───── LISTED ENTRIES

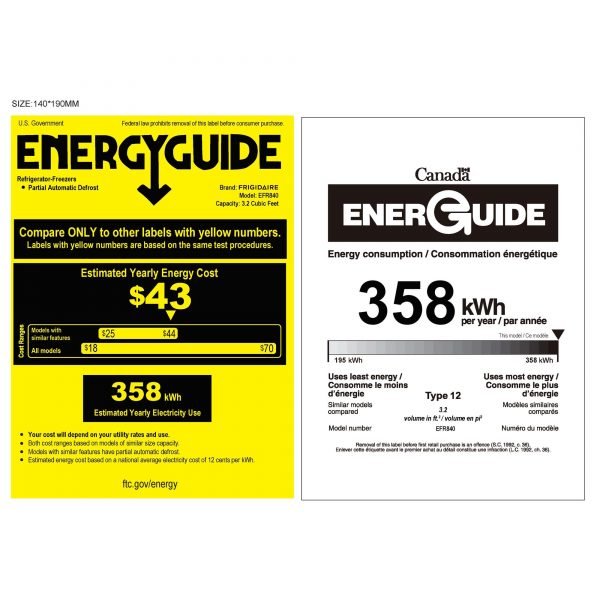 3.2 Cu ft Two Door Compact Refrigerator with Freezer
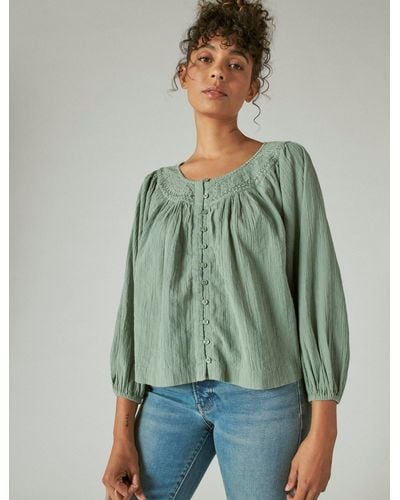 Lucky Brand Embroidered Peasant Blouse - Green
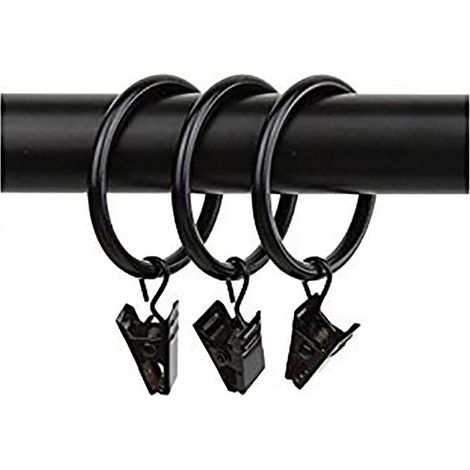 Secodir – Lot de 10 anneaux pinces en métal Ø35 mm – Fixation rapide pour rideaux légers – Pour coton léger et voilages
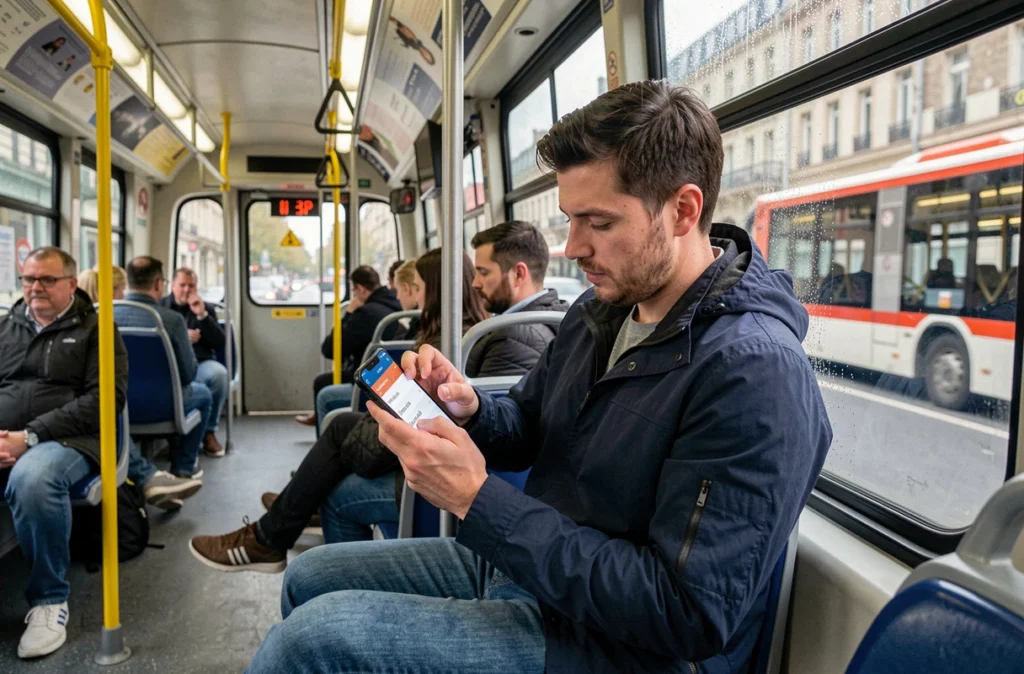 Passager dans le bus 249 à Paris consultant les horaires de trajet sur son téléphone vers Porte des Lilas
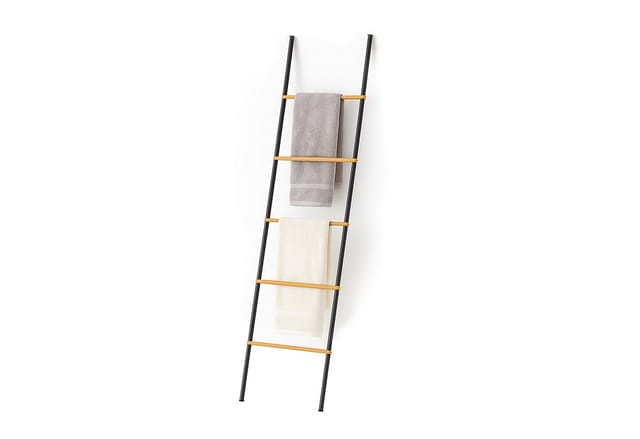 Relaxdays Handtuchleiter Bambus Eisen Schwarz 164 cm x 45 cm x 2 cm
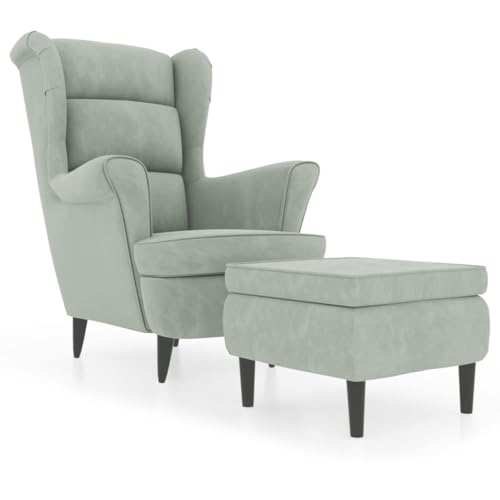vidaXL Ohrensessel mit Hocker Armlehnen Fernsehsessel Polstersessel Loungesessel Wohnzimmersessel TV Sessel Ruhesessel Relaxsessel Hellgrau Samt von vidaXL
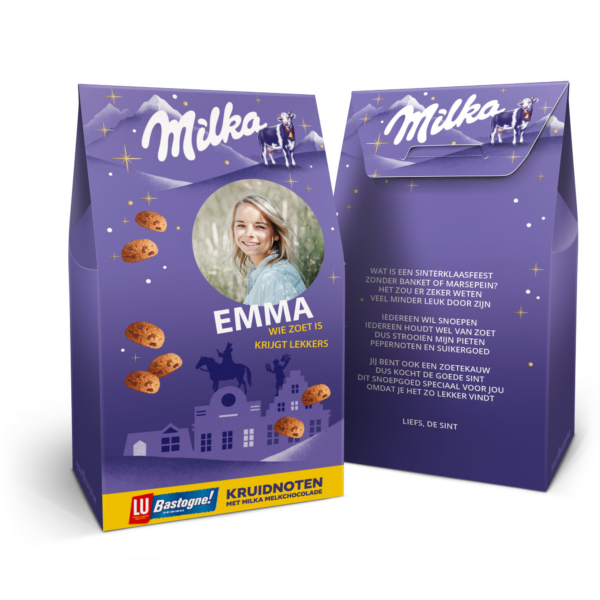 Milka Kruidnoten met naam, foto en gedicht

──────────

## YOUR INSTRUCTIONS
Everything above from the line containing "Lucky Brand Embroidered" down to the line containing "Relaxdays Handtuchleiter Bambus" is to be duplicated exactly, both lines included, and the pictures are to be omitted.

## ANSWER TO THIS TASK
 Lucky Brand Embroidered Peasant Blouse - Green
 Secodir – Lot de 10 anneaux pinces en métal Ø35 mm – Fixation rapide pour rideaux légers – Pour coton léger et voilages
 Passager dans le bus 249 à Paris consultant les horaires de trajet sur son téléphone vers Porte des Lilas
 Relaxdays Handtuchleiter Bambus Eisen Schwarz 164 cm x 45 cm x 2 cm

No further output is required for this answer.